EnglishBrasil es uno de los países más fanáticos del fútbol —y tienen buenas razones para serlo. Sus jugadores están entre los más habilidosos del deporte, cotizando millones en clubes europeos; y su equipo nacional es el máximo ganador de títulos mundiales (cinco veces), y el único que ha participado en todas las ediciones de la Copa.
Desde la arena en las playas, las veredas de Rio de Janeiro o los parques del interior, cualquier lugar es propicio para una “pelada”, o partida improvisada de fútbol. Tampoco hace distinciones socioeconómicas. Tanto es así que, en Brasil (“el país del fútbol”), el deporte puede considerarse un elemento esencial de su identidad nacional.
Es por eso que sorprende y conmueve la reacción de muchos brasileños en contra del torneo. En lo que años pasados podría ser considerado un sacrilegio, el boicot a la Copa e incluso a la selección brasileña se está volviendo cada vez más común. En Sao Paulo, la ciudad más poblada de Brasil, se llegaron a registrar nueve manifestaciones en contra del Mundial en un solo día.

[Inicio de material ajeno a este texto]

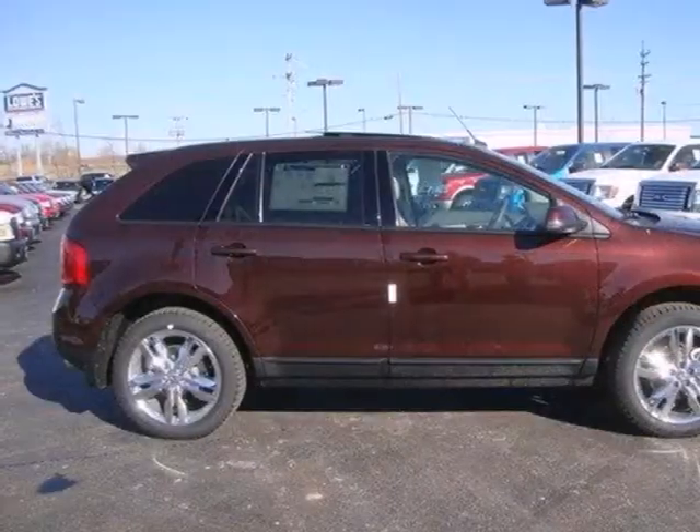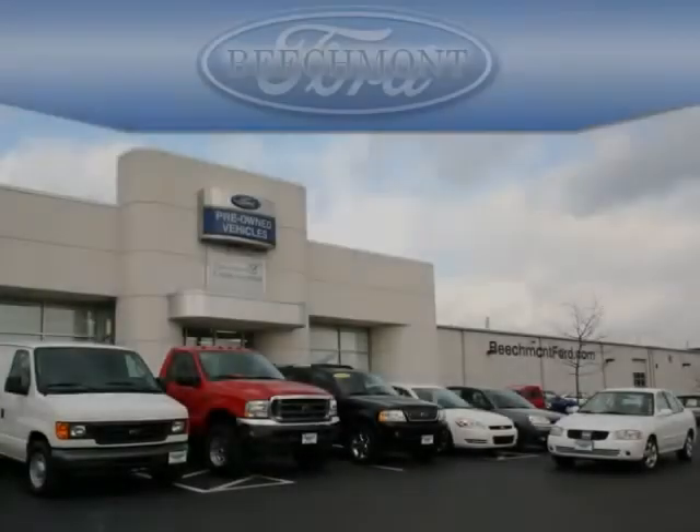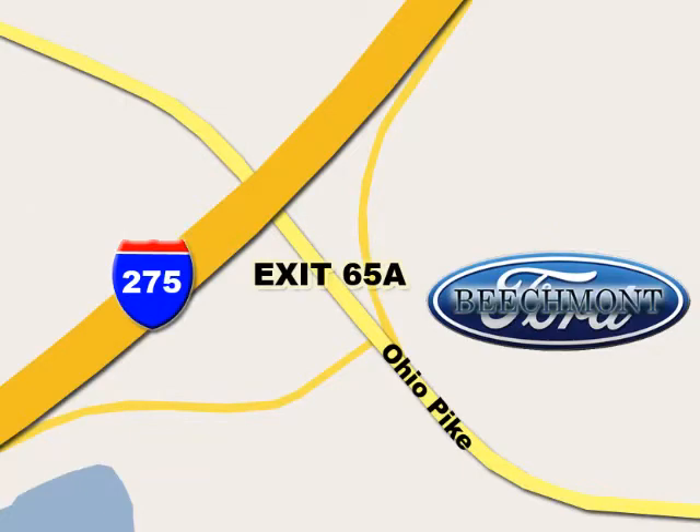Don't miss out on this rewarding investment. Come in for a test drive today. Beachmont Ford — we're a friend in the community. Stop in today; we're easy to find off I-275 and exit 65A Beachmont Avenue.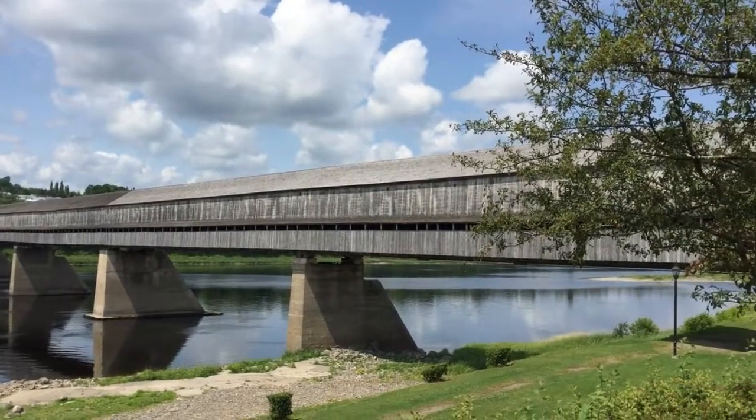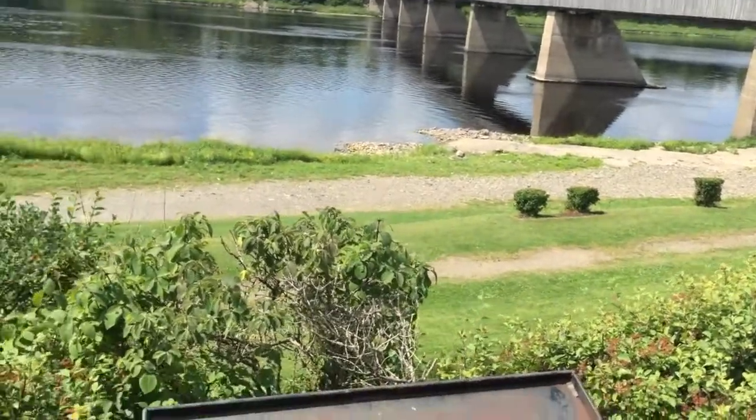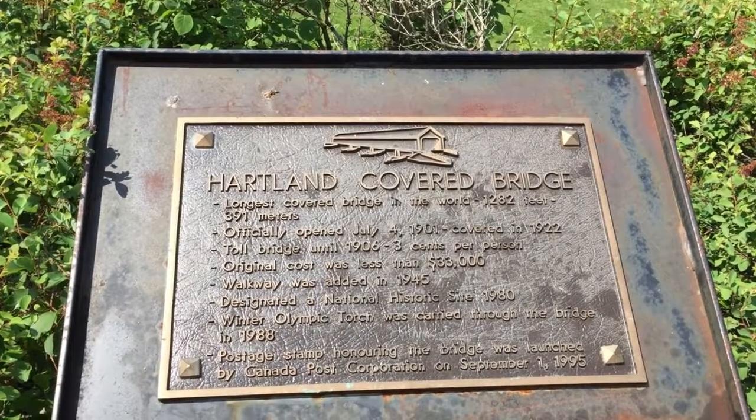The bridge officially opened on July 4, 1901, and was covered in 1922. From the beginning, it was a toll bridge until 1906.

Sucede que el evento internacional fue publicitado por el gobierno del Partido de los Trabajadores (PT) como una solución mágica a los problemas del país. Pero a menos de dos semanas del inicio de la competición está muy claro que trajo una serie de consecuencias indeseadas: Multimillonarias inversiones en estadios que serán usados durante un mes, y luego se convertirán en “elefantes blancos” como los de Sudáfrica; huelgas generalizadas, escándalos de corrupción, falta de presupuesto para otras áreas urgentes, familias expulsadas de sus casas, “limpieza” paramilitar de mendigos en las ciudades anfitrionas. Hasta el retorno económico esperado está en jaque debido a las frecuentes paralizaciones y los préstamos hechos para las obras de infraestructura.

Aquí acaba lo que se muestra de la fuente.